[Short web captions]
- - - -

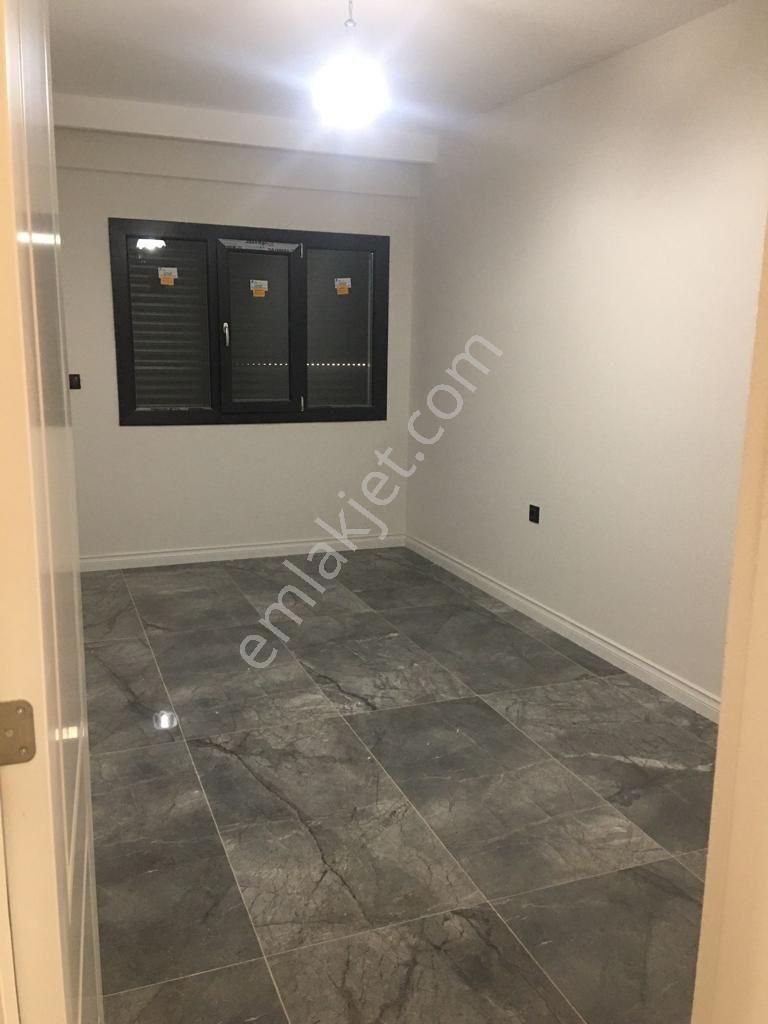 Kaan Emlaktan Yenişafakta Ferhatlara Yakın 4+1 Lüks Satılık Daire. - Görsel 27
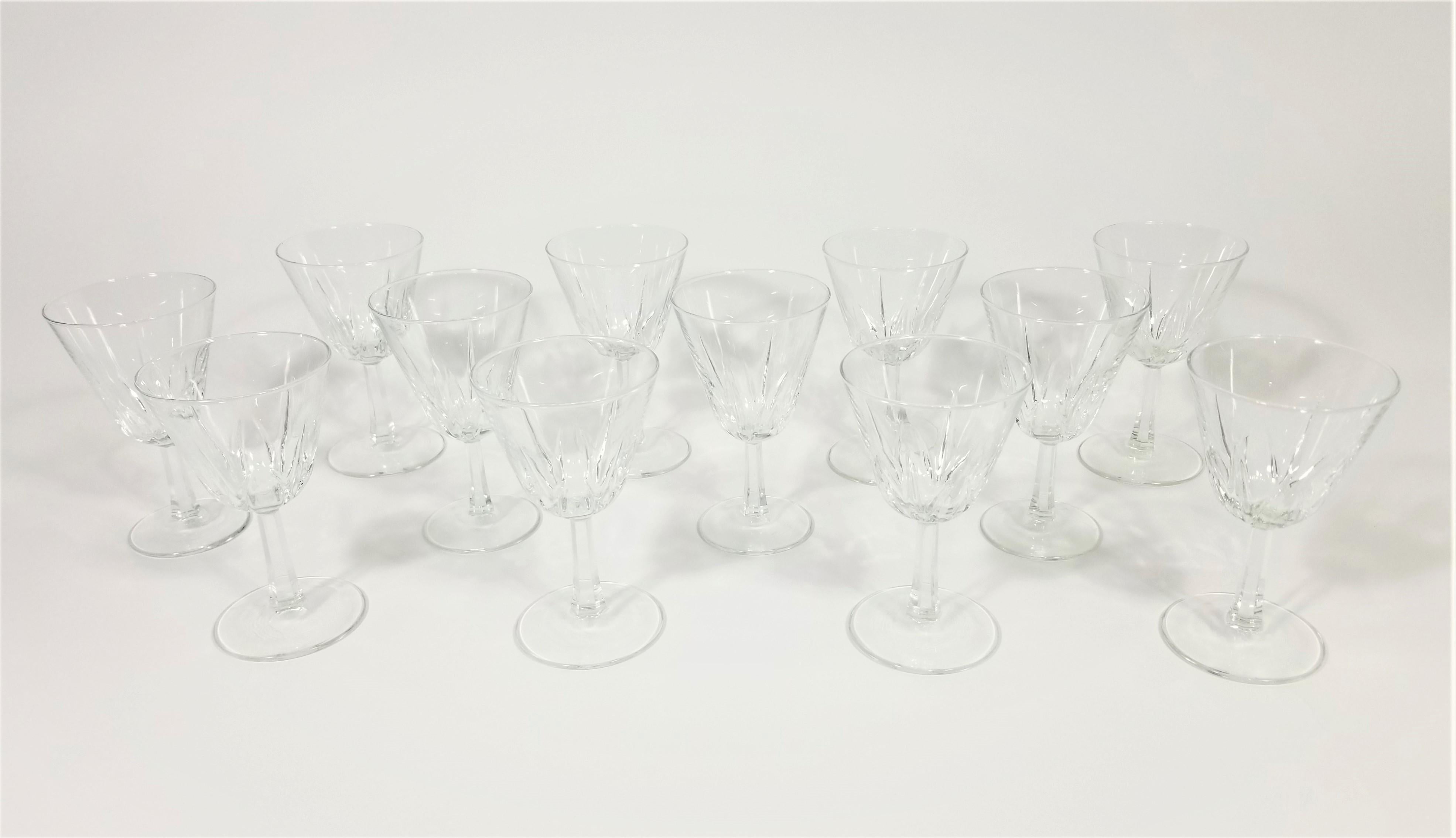 Set di 12 bicchieri in cristallo francese di Renaissance Verrerie D' arques. Tutti gli occhiali sono marchiati Francia. Medioevo. Condizioni eccellenti.
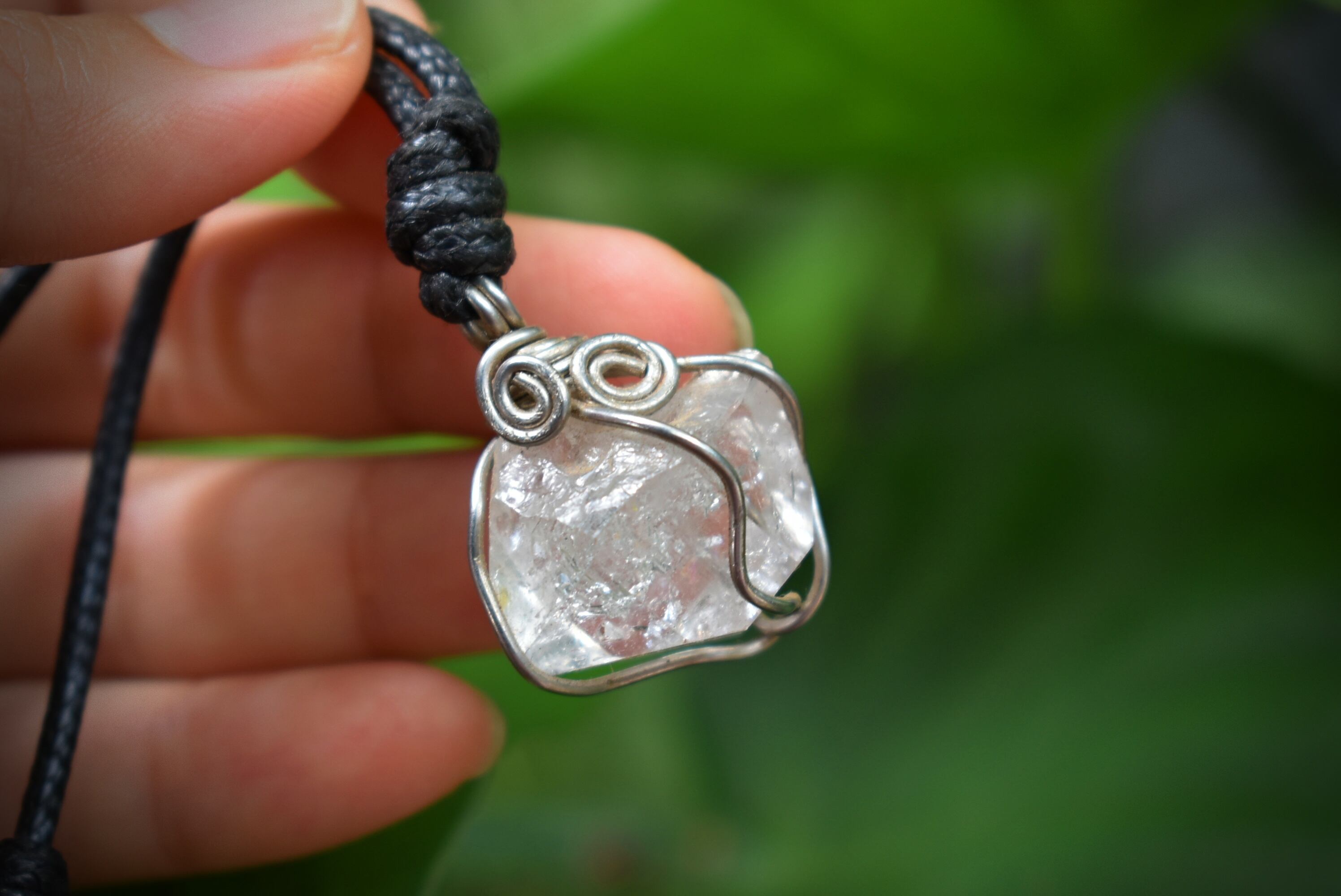 虹入り★ハーキマーダイヤモンド2 ワイヤーワーク ペンダントhk008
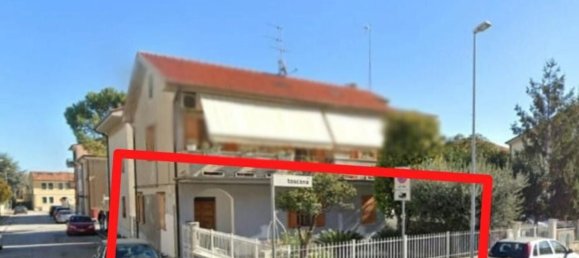 Квартира с 5 спальнями в Чивитанова Марке, Италия № 312225 2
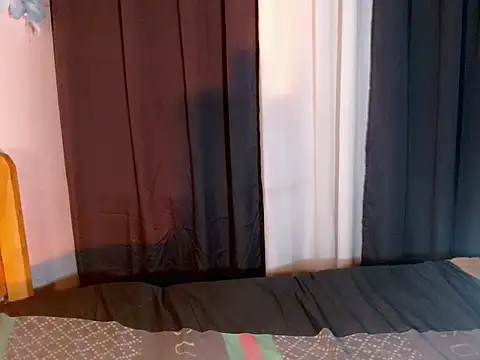 Snapshot of addicted_to_alex chatting on 25, 9, 2025 addicted to alex online show from 25, 9, 2025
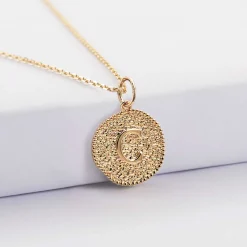 Pendentif personnalisé médaille gravée plaqué or lettre initiale texturée 14 mm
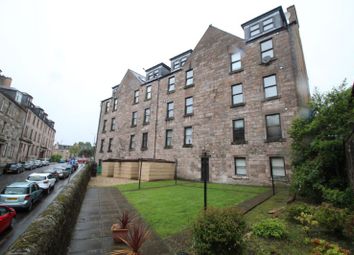 2 Bedrooms Flat for sale in 11, Nelson Street, Flat 2-1, Greenock PA151Tt PA15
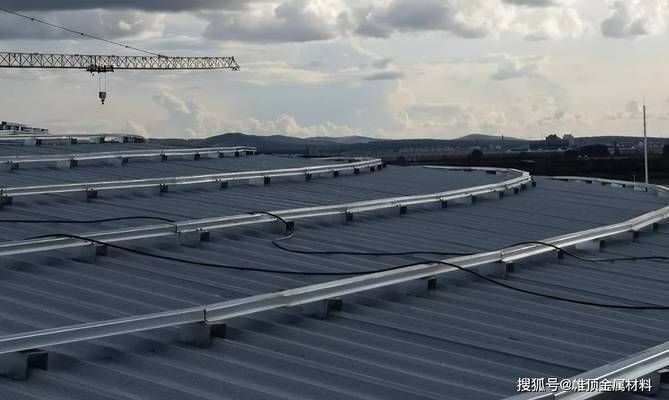 屋面板安装的注意事项是什么 钢结构框架施工 第1张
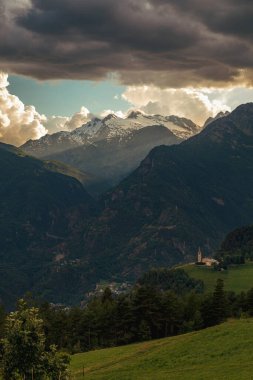 Valle d 'Aosta dağlarındaki bulutlar arasında yaz günbatımı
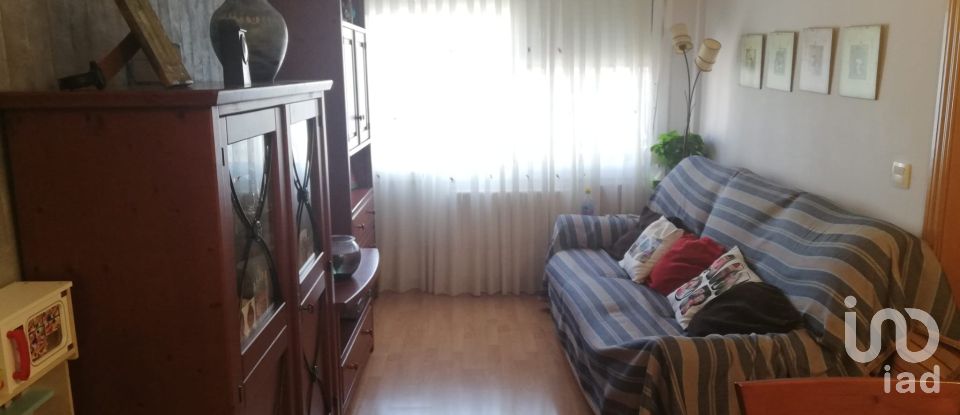 Apartment 3 bedrooms of 55 m² in Santa Coloma de Gramenet (08922)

- - - -

Word for word, repeat only the lines from the line containing "Snapshot of addicted_to_alex" through the end of the data, without any pictures.

 Snapshot of addicted_to_alex chatting on 25, 9, 2025 addicted to alex online show from 25, 9, 2025
 Pendentif personnalisé médaille gravée plaqué or lettre initiale texturée 14 mm
 2 Bedrooms Flat for sale in 11, Nelson Street, Flat 2-1, Greenock PA151Tt PA15
 屋面板安装的注意事项是什么 钢结构框架施工 第1张
 Valle d 'Aosta dağlarındaki bulutlar arasında yaz günbatımı
 Apartment 3 bedrooms of 55 m² in Santa Coloma de Gramenet (08922)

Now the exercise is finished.